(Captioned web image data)

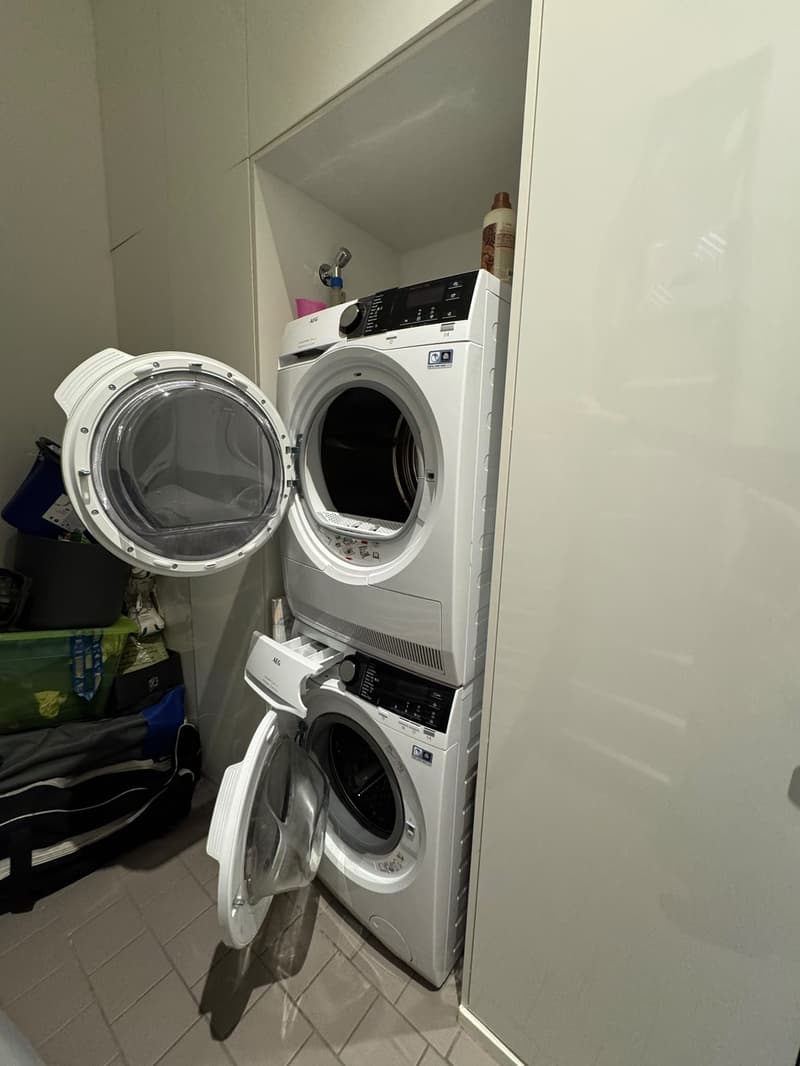 Appartement maisonnette moderne 2.5 pièces avec entrée privée à Zürich Manegg (9)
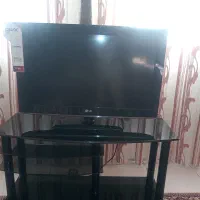 تلویزیون ۳۲اینچ ال جی با میزشیشه ای عسلی|تلویزیون و پروژکتور|تبریز, |دیوار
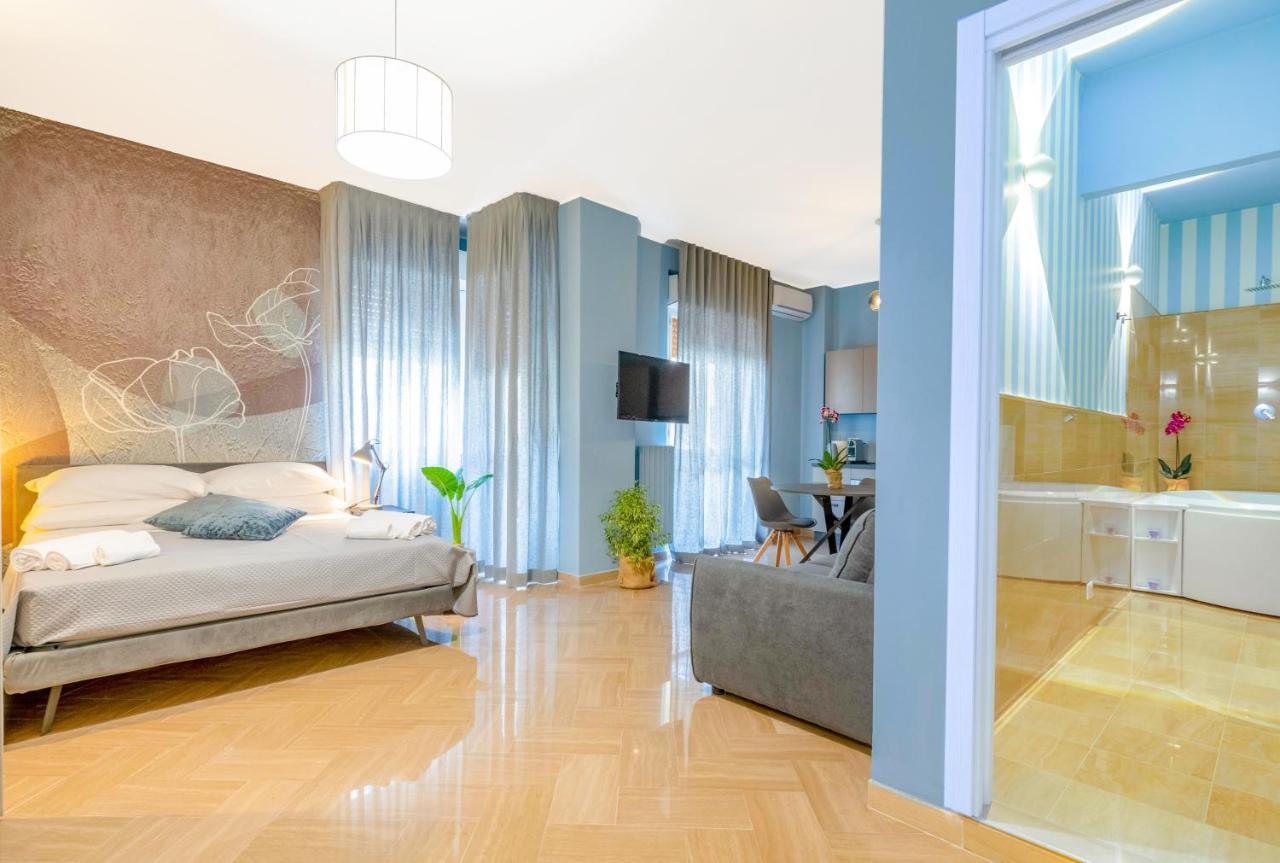 City Gate - Luxury Suites Барі Екстер'єр фото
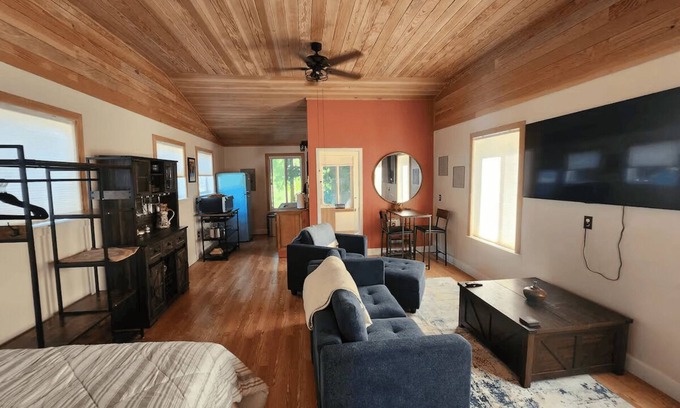 Vernonia Apartamento | Nehalem Acres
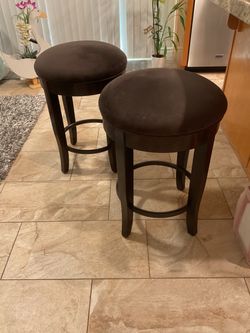 BAR STOOLS SET OF 2 NEW CONDITION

## WHAT YOU WILL DO
What is needed is an exact copy of the entries above, with no images in it.

## WRITTEN ANSWER
 Appartement maisonnette moderne 2.5 pièces avec entrée privée à Zürich Manegg (9)
 تلویزیون ۳۲اینچ ال جی با میزشیشه ای عسلی|تلویزیون و پروژکتور|تبریز, |دیوار
 City Gate - Luxury Suites Барі Екстер'єр фото
 Vernonia Apartamento | Nehalem Acres
 BAR STOOLS SET OF 2 NEW CONDITION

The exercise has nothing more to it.